» **TASK DIRECTIONS**: Reproduce the listing below in full and without alteration, apart from its pictures.

» **COLLECTED DATA**:

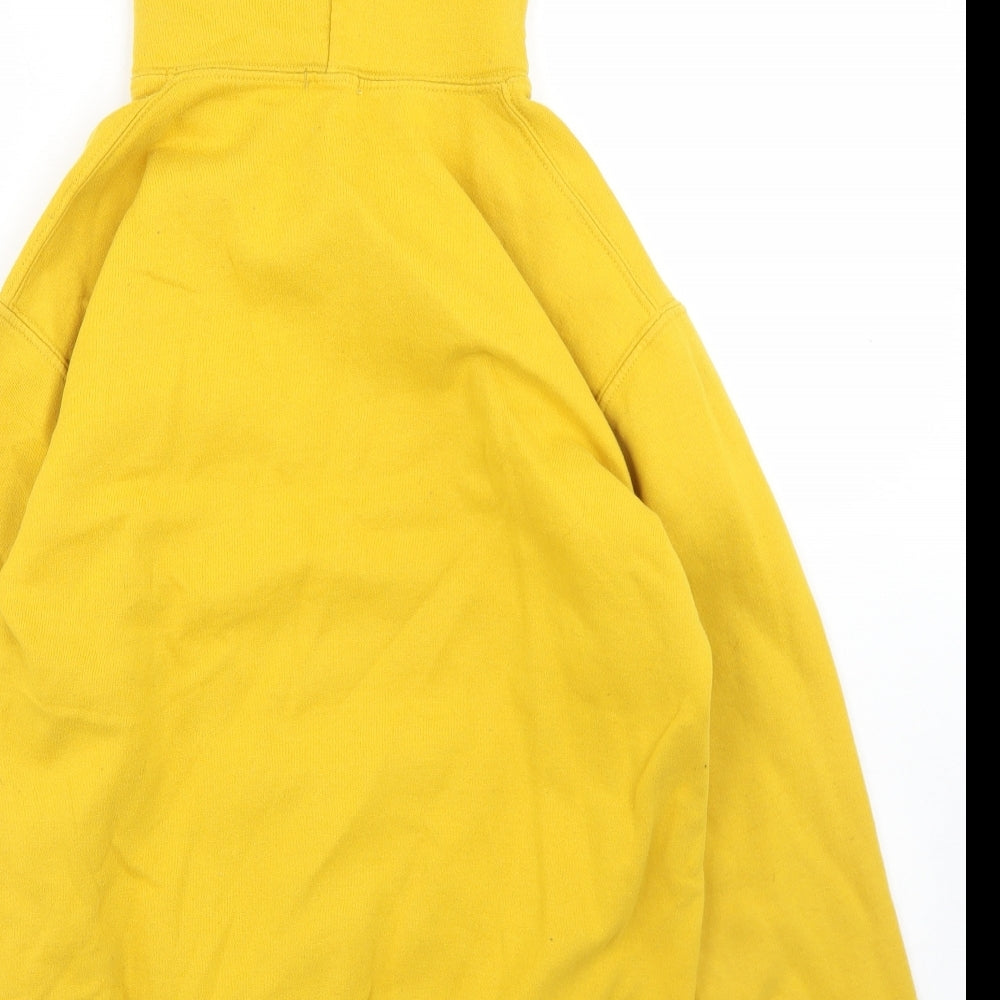 River Island Mens Yellow  Cotton Pullover Hoodie Size S
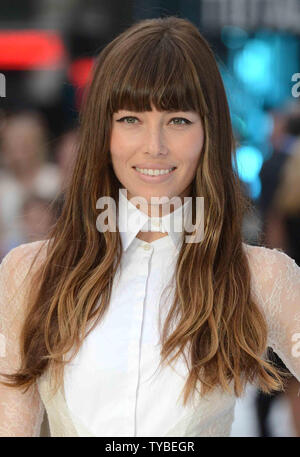 American actress Jessica Biel attends The UK Premiere of 'Total Recall' at The Empire Leicester Square in London on August 16, 2012.     UPI/Paul Treadway.. Stock Photo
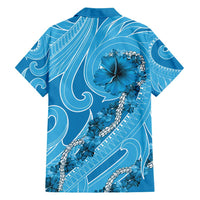 Hawaii Blue Hibiscus Pikake Lei Family Matching Puletasi and Hawaiian Shirt LT05 - Polynesian Pride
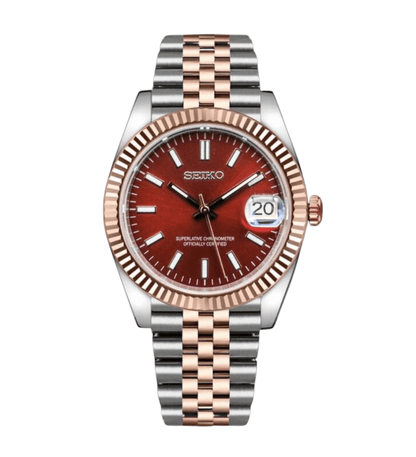 Seiko Mod Datejust Twotone Red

» **TASK RESULT**:
 River Island Mens Yellow  Cotton Pullover Hoodie Size S
 American actress Jessica Biel attends The UK Premiere of 'Total Recall' at The Empire Leicester Square in London on August 16, 2012.     UPI/Paul Treadway.. Stock Photo
 Hawaii Blue Hibiscus Pikake Lei Family Matching Puletasi and Hawaiian Shirt LT05 - Polynesian Pride
 Seiko Mod Datejust Twotone Red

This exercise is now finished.